→ Exercise: Each record below is to be retyped exactly, with its pictures omitted.

(Source records)
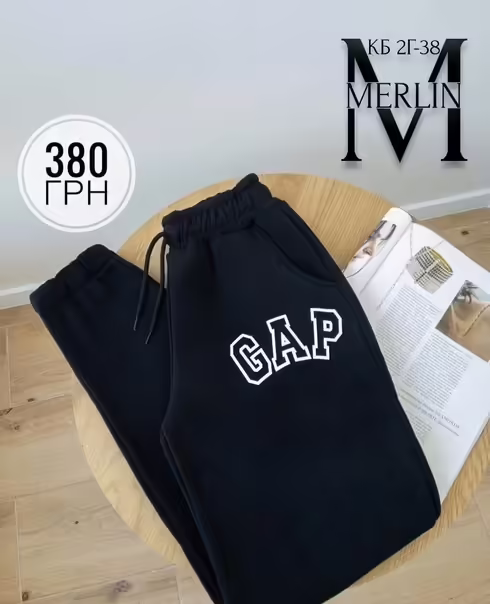 Спортивные утеплённые женские штаны gap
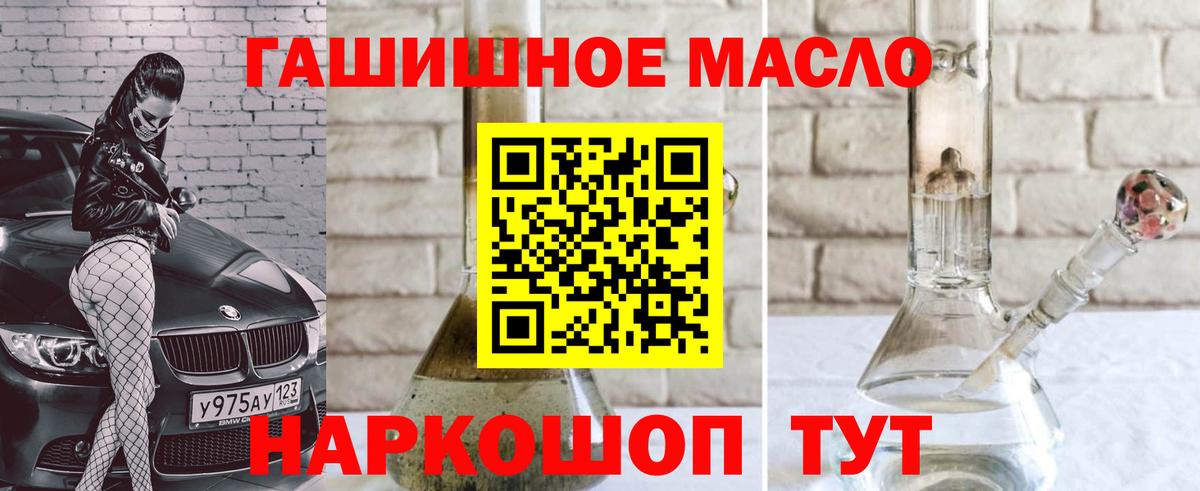 Дистиллят ТГК THC oil Ливны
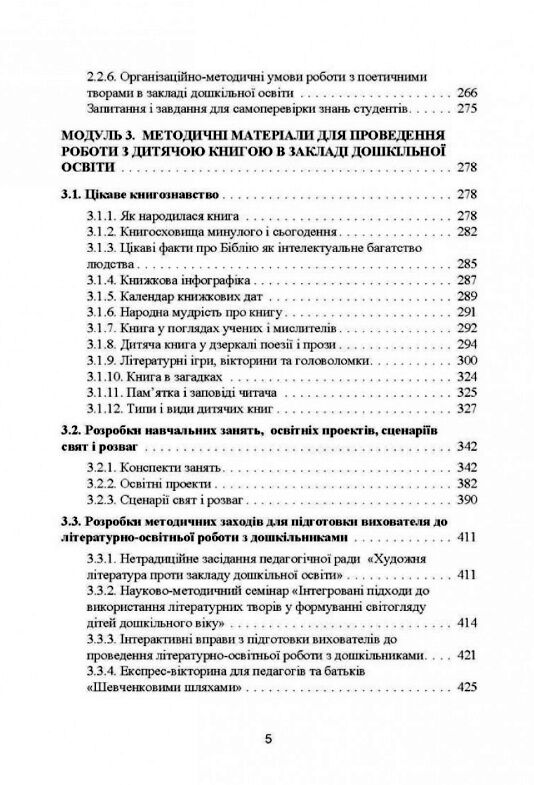 Робота з дитячою книгою в закладі дошкільної освіти  доставка 3 дні Ціна (цена) 841.00грн. | придбати  купити (купить) Робота з дитячою книгою в закладі дошкільної освіти  доставка 3 дні доставка по Украине, купить книгу, детские игрушки, компакт диски 3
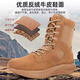 Jihua San 066 BOTAS DE COMBATO MARRAS GENUINAS Nuevas botas de combate de vaca Cuero de cuero anti-desgaste de la cremallera resistente a la cremallera Botas de combate modificadas mágicamente 41 = 255 [Dos pares de plantillas auténticas de vaca dos pares]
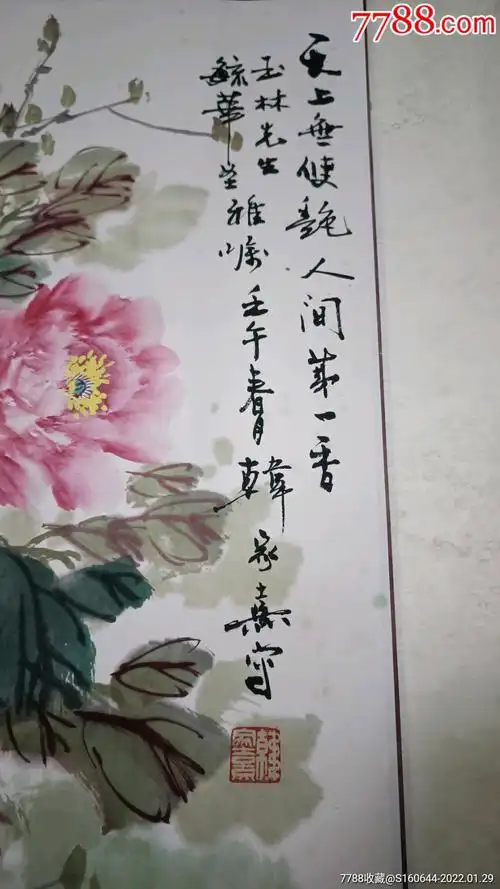 江阴韩家熹牡丹真迹四尺整张_花鸟国画原作_第2张_7788漆器收藏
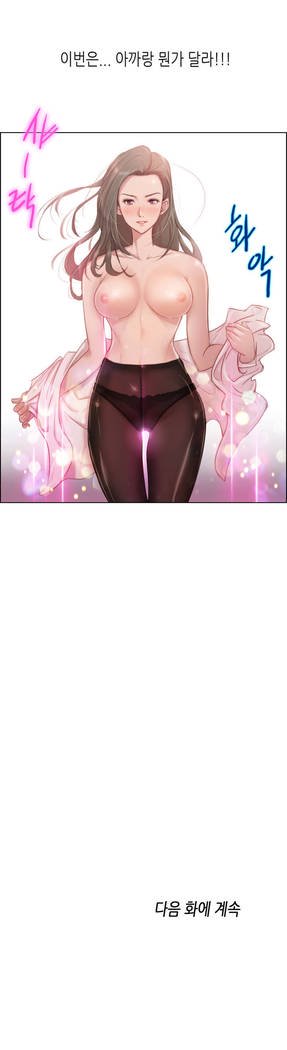 エロ官能＆amp;知覚1-8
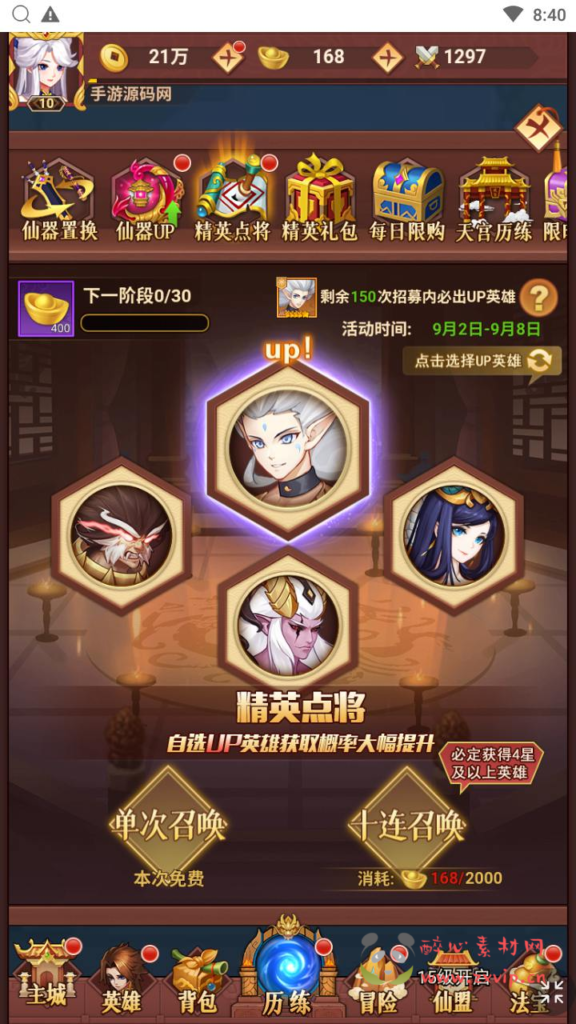 图片[27]|H-219   H5卡牌放置【放置封神之侠客道荒古封神录魔改版】+Linux服务端+视频架设教程+开放多区+GM后台+多功能CDK授权后台+单机一键端|醉心素材|手游源码|端游源码|资源教程|工具分享|免费源码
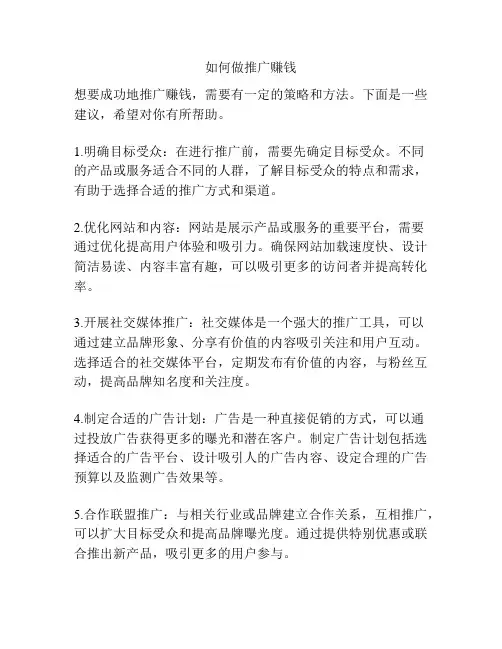 如何做推广赚钱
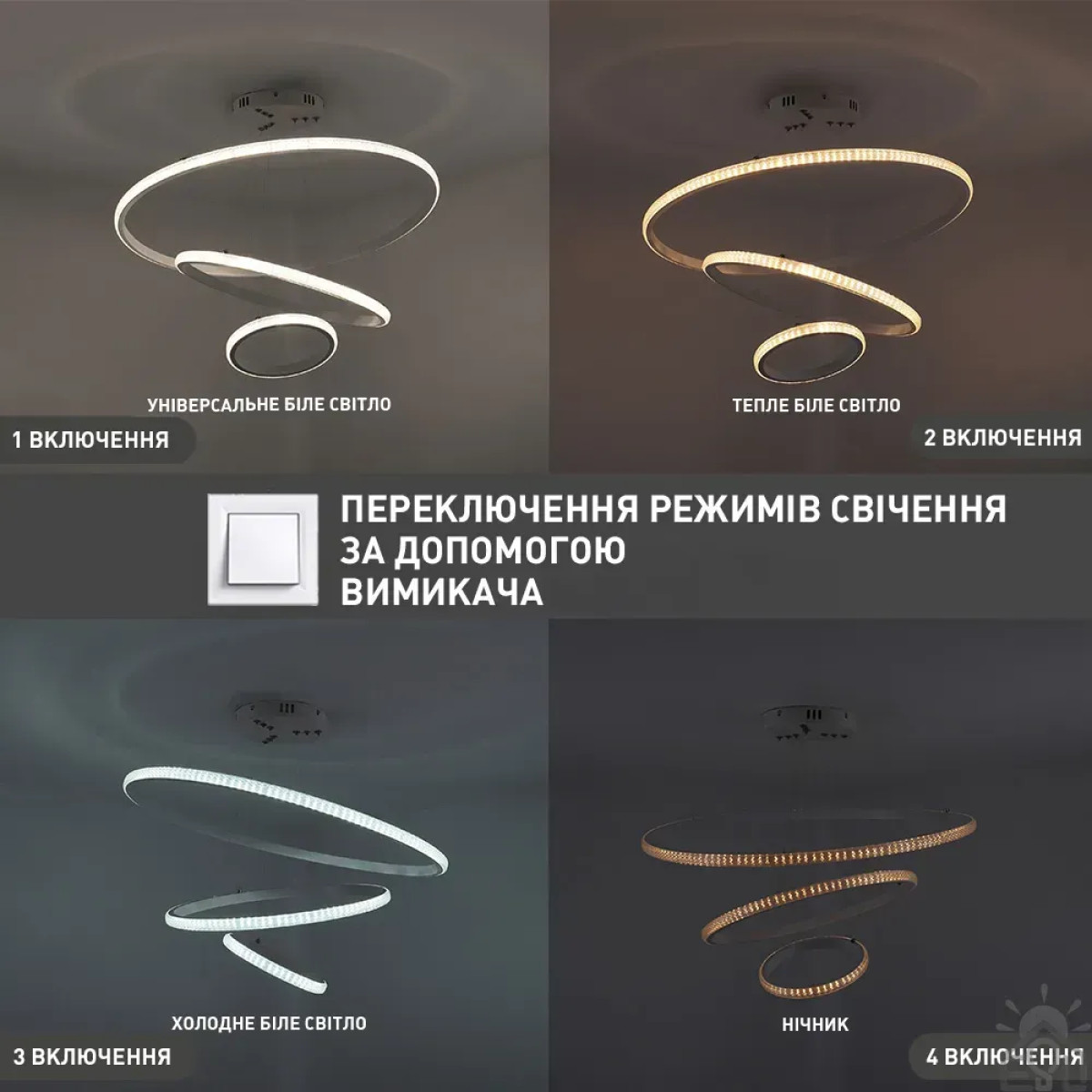 Люстра керована світлодіодна підвісна AKRILIKA 3R 70 Вт 600x1100 мм Біла Керується вимикачем (без пульта) 10431 ESLLSE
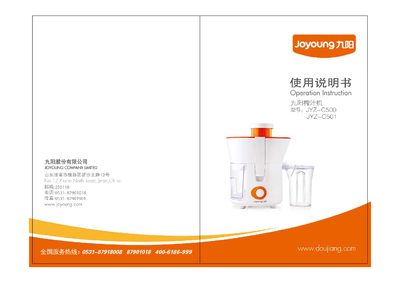 Joyoung JYZ-C500/JYZ-C501 Juicer User Manual - cover page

→ Answer to this task:
 Спортивные утеплённые женские штаны gap
 Дистиллят ТГК THC oil Ливны
 Робота з дитячою книгою в закладі дошкільної освіти  доставка 3 дні Ціна (цена) 841.00грн. | придбати  купити (купить) Робота з дитячою книгою в закладі дошкільної освіти  доставка 3 дні доставка по Украине, купить книгу, детские игрушки, компакт диски 3
 Jihua San 066 BOTAS DE COMBATO MARRAS GENUINAS Nuevas botas de combate de vaca Cuero de cuero anti-desgaste de la cremallera resistente a la cremallera Botas de combate modificadas mágicamente 41 = 255 [Dos pares de plantillas auténticas de vaca dos pares]
 江阴韩家熹牡丹真迹四尺整张_花鸟国画原作_第2张_7788漆器收藏
 エロ官能＆amp;知覚1-8
 图片[27]|H-219   H5卡牌放置【放置封神之侠客道荒古封神录魔改版】+Linux服务端+视频架设教程+开放多区+GM后台+多功能CDK授权后台+单机一键端|醉心素材|手游源码|端游源码|资源教程|工具分享|免费源码
 如何做推广赚钱
 Люстра керована світлодіодна підвісна AKRILIKA 3R 70 Вт 600x1100 мм Біла Керується вимикачем (без пульта) 10431 ESLLSE
 Joyoung JYZ-C500/JYZ-C501 Juicer User Manual - cover page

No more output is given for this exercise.